Une "volonté manifeste de recentraliser certaines compétences"

Le CNEN "regrette" également que la fiche d’impact "ne précise pas" les conséquences financières sur les services déconcentrés de l’État, alors même que le contrôle administratif leur incombe en pratique. Le CNEN rappelle que, pour qu’un système de contrôle par la délivrance d’attestations puisse fonctionner, il est nécessaire que la mission de contrôle de l’État opérée sur ces attestations "soit elle-même renforcée et supportée financièrement, comme le préconise le rapport du CGEDD publié le 7 avril 2022."

Le CNEN s’interroge aussi sur "l’effectivité opérationnelle" de ce contrôle mené par les services de l’État déconcentré, invoquant la réduction des effectifs au sein de l’administration déconcentrée.
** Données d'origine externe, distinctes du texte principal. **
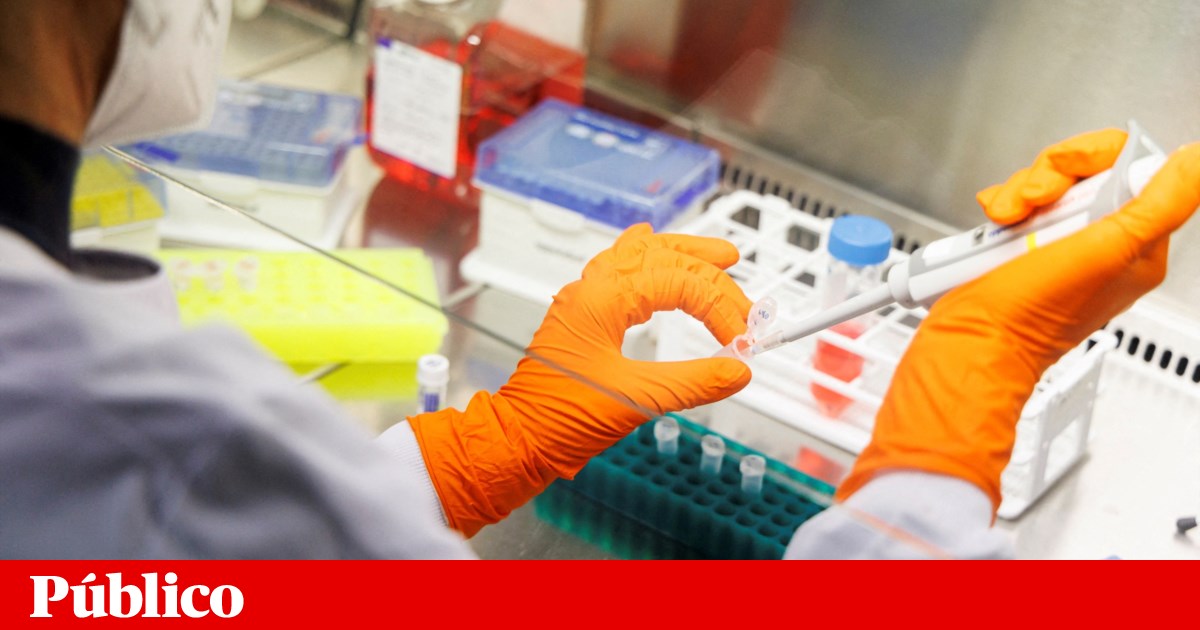 Découverte de la première infection à monkeypox féminine au Portugal |  Virus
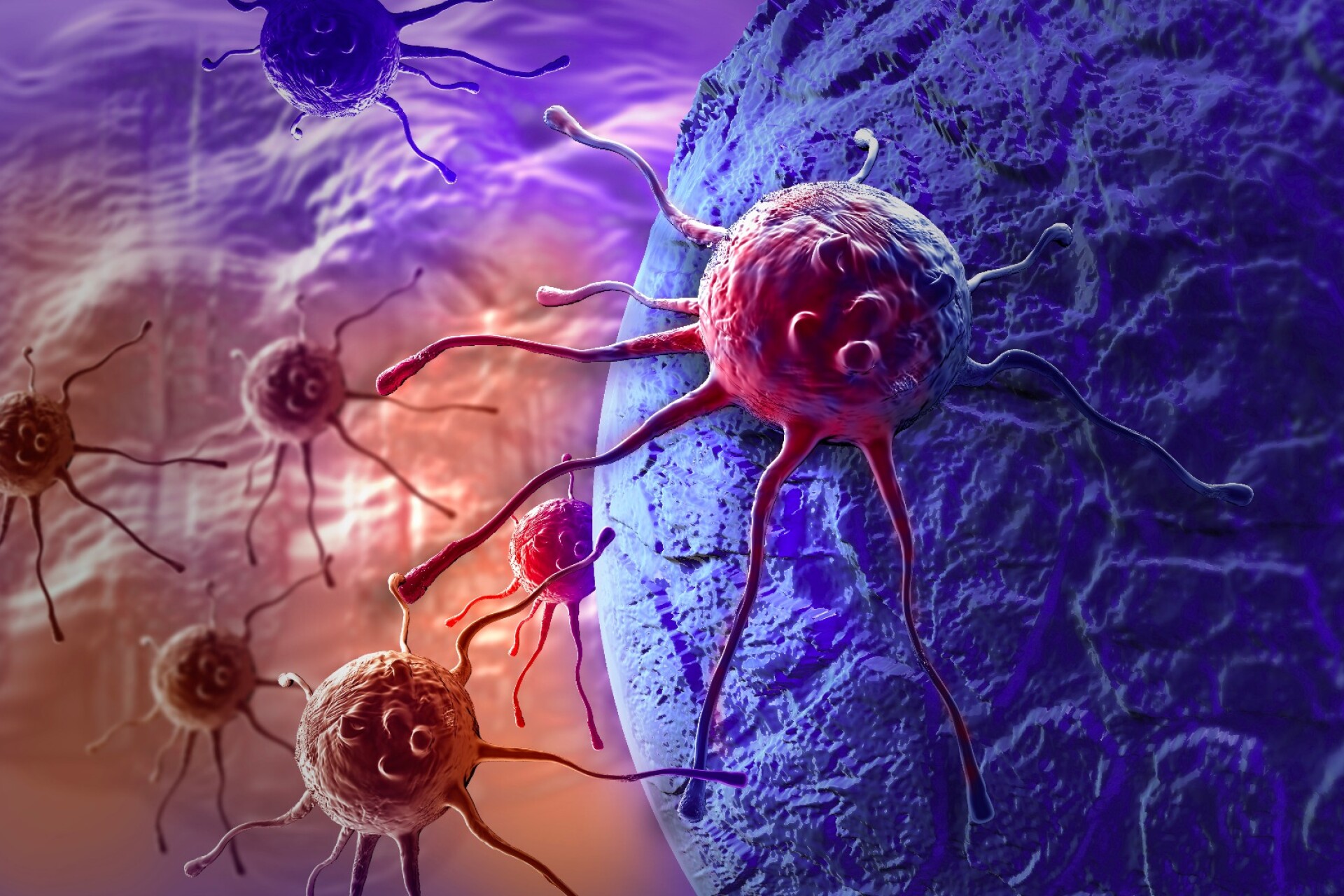 Stem cells beat the clock for brain cancer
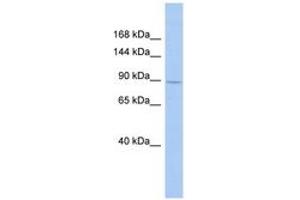 Image no. 1 for anti-SH3 Domain Containing Ring Finger 1 (SH3RF1) (AA 719-768) antibody (ABIN6743167) (SH3RF1 antibody  (AA 719-768))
C’est d’ailleurs pourquoi le projet d’ordonnance ouvre la possibilité, pour l’État, de recourir à "des contrôleurs techniques assermentés du secteur privé." Cela afin de "pallier la diminution des effectifs constatée au sein des DDT." C’est qui amène le CNEN à rappeler au gouvernement son "attachement" à l’article 1er de la Constitution, qui consacre le principe de l’organisation décentralisée de la France. Or, "en l’espèce", avec ce projet d’ordonnance, le CNEN constate une "volonté manifeste de recentraliser certaines compétences, au détriment des services déconcentrés de l’État agissant sous l’autorité du préfet de département."